As Brian Cohen discovered picking a Messiah is a tricky business. So is picking a Messiah. As usual the winter solstice season in Toronto offers multiple options. The nearest thing to the John Barbirolli approach is the TSO at Roy Thomson Hall. This is your big, grand Messiah with famous soloists, modern instruments and a big chorus. This year, besides the perennial Toronto Mendelssohn Choir, there are soloists Erin Wall, Liz DeShong, Andrew Staples and John Relyea and, best of all, Andrew Davis conducts. This one is on December 15th, 16th, 18th and 19th at 8pm with a 3pm matinee on the 20th.
The baroque alternative, of course, is Tafelmusik at Trinity St.
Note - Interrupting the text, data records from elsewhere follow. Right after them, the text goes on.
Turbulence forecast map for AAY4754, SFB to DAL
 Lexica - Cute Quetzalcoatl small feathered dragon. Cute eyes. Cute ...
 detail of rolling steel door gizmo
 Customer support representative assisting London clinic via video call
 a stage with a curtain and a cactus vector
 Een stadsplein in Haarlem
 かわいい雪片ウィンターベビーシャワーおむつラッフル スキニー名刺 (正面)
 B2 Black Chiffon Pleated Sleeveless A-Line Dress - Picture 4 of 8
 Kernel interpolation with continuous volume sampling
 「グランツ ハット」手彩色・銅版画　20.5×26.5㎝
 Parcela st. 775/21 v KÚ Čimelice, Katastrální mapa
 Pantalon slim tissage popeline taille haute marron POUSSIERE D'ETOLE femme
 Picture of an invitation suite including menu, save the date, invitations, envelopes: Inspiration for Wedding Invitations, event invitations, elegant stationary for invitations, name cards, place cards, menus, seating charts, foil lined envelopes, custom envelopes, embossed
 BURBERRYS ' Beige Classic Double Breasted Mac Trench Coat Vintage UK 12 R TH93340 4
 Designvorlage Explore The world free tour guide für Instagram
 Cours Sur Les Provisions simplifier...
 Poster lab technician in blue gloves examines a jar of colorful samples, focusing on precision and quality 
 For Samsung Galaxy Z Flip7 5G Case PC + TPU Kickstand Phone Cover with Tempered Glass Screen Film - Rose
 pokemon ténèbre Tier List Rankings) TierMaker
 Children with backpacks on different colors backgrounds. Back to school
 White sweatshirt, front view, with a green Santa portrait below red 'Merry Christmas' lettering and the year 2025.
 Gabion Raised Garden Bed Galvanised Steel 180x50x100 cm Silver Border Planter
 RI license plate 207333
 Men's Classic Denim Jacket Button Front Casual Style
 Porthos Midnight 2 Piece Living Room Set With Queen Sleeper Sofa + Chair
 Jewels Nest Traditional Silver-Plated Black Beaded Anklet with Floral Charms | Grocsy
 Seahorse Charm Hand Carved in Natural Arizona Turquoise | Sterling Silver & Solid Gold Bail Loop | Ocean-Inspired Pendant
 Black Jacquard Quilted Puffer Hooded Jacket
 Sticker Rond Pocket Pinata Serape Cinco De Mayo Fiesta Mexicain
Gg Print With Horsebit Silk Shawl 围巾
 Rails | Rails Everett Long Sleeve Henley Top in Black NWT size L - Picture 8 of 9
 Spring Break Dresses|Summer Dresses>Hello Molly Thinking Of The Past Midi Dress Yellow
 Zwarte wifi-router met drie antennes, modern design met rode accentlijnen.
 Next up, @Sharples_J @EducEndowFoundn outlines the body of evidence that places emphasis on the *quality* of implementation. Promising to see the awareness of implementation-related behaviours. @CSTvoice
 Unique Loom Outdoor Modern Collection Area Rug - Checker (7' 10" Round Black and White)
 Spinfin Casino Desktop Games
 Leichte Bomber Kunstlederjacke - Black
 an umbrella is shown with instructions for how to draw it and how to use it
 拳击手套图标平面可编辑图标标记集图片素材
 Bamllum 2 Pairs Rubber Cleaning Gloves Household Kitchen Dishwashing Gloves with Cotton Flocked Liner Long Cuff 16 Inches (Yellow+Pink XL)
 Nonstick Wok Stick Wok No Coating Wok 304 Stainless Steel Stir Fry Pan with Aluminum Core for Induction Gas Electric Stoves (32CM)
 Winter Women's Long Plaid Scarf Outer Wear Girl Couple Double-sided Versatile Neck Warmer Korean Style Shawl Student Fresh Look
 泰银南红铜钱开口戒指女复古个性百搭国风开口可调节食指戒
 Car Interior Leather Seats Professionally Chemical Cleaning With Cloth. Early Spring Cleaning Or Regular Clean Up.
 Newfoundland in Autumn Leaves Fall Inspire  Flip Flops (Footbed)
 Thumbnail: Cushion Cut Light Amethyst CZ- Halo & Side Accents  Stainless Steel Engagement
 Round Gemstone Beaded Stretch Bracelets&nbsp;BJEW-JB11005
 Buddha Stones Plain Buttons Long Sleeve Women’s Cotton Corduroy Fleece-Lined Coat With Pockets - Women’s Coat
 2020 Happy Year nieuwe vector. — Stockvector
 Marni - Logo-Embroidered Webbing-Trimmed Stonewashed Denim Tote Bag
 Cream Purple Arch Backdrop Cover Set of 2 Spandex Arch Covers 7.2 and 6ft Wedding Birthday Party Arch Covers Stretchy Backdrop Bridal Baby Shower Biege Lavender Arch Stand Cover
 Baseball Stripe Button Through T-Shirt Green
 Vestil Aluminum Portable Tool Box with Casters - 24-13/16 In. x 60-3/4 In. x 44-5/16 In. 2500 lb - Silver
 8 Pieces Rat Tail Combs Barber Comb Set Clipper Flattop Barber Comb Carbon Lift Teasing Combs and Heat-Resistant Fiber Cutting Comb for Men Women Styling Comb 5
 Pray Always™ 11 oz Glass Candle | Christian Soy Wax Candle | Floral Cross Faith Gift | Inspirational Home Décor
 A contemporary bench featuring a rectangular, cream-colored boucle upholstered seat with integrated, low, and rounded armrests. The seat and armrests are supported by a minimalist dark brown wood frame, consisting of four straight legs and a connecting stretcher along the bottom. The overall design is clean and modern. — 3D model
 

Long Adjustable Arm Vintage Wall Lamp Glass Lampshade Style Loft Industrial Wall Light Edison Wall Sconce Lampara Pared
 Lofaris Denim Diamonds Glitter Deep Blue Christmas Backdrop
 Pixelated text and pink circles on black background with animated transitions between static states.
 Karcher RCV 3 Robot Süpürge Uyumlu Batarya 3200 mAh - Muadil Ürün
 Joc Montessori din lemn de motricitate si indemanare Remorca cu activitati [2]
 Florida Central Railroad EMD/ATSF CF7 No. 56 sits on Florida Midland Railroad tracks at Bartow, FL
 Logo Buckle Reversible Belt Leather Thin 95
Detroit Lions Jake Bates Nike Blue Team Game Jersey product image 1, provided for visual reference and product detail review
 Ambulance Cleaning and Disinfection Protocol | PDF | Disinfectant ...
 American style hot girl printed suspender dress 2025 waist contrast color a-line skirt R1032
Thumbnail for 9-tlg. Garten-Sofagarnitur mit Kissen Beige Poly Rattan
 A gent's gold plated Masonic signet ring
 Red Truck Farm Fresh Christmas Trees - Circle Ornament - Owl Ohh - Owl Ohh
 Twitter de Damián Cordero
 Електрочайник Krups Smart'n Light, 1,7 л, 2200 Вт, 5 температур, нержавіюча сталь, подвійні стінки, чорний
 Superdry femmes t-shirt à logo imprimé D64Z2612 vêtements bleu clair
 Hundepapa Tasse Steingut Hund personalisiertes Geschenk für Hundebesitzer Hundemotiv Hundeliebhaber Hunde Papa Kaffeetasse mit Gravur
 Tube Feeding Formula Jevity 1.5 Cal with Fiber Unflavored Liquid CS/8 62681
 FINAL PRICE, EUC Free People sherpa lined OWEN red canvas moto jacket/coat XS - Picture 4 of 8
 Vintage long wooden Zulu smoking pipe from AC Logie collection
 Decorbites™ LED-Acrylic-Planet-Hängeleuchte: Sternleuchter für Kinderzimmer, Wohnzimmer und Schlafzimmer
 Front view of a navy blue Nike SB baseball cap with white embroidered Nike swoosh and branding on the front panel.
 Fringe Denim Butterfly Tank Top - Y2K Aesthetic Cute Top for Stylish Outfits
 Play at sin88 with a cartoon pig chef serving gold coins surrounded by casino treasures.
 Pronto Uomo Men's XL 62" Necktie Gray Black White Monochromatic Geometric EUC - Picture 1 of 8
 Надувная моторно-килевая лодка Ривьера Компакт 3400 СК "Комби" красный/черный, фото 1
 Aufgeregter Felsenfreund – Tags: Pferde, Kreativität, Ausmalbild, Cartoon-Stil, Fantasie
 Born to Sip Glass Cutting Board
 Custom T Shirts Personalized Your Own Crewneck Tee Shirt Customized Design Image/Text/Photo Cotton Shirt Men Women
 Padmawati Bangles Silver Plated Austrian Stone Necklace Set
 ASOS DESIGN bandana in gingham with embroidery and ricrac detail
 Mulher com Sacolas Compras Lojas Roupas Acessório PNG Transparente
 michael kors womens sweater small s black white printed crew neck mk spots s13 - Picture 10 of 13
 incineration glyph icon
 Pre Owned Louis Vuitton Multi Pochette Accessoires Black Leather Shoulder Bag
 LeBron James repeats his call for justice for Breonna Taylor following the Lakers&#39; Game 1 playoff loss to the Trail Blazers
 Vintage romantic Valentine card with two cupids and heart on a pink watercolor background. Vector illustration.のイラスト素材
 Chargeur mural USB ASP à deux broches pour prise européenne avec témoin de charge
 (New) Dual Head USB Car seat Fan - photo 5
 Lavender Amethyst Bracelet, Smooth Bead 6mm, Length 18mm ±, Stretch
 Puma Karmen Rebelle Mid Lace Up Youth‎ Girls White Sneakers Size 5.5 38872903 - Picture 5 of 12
Paul’s. Soloists are Joanne Lunn, Mary-Ellen Nesi, Rufus Müller and Nathaniel Watson. Ivars Taurins conducts. It’s at 7.30pm on December 16th through 19th with the annual “sing-along” version at Massey Hall at 2pm on the 20th.
Against the Grain are restaging their 2013 choreographed version, hopefully with new improved weather, December 16th through 18th at 8pm and the 19th at 2pm at Harbourfront Centre Theatre. Soloists are Miriam Khalil, Andrea Ludwig, Owen McCausland and Stephen Hegedus (can he match Geoff Sirett’s sheep impersonation?). Topher Mokrzewski will conduct an 18-piece orchestra and 16-member chorus. Staging/choreography is by Joel Ivany and Jenn Nichols.
Then there’s a newcomer from Soundstreams. On December 7th and 8th at 8pm at Drake Hotel Underground you can catch Electric Messiah. This version uses four singers, accompanied by guitar and electronics, to explore the work through the lens of different styles and cultural backgrounds. The singers are South Indian sound poet Gabriel Dharmoo, improvisation specialist and minister’s daughter Christine Duncan, the inimitable
Carla Huhtanen, and Maliseet musician Jeremy Dutcher. As a narrative through line, turntable artist SlowPitch Sound will mix Messiah old and new in humorous and poignant response to the other performers. There’s also staging and lighting by Ashlie Corcoran and Patrick Lavender. It’s interactive and partly improvised so expect a Messiah like no other.
So something pretty much for everyone.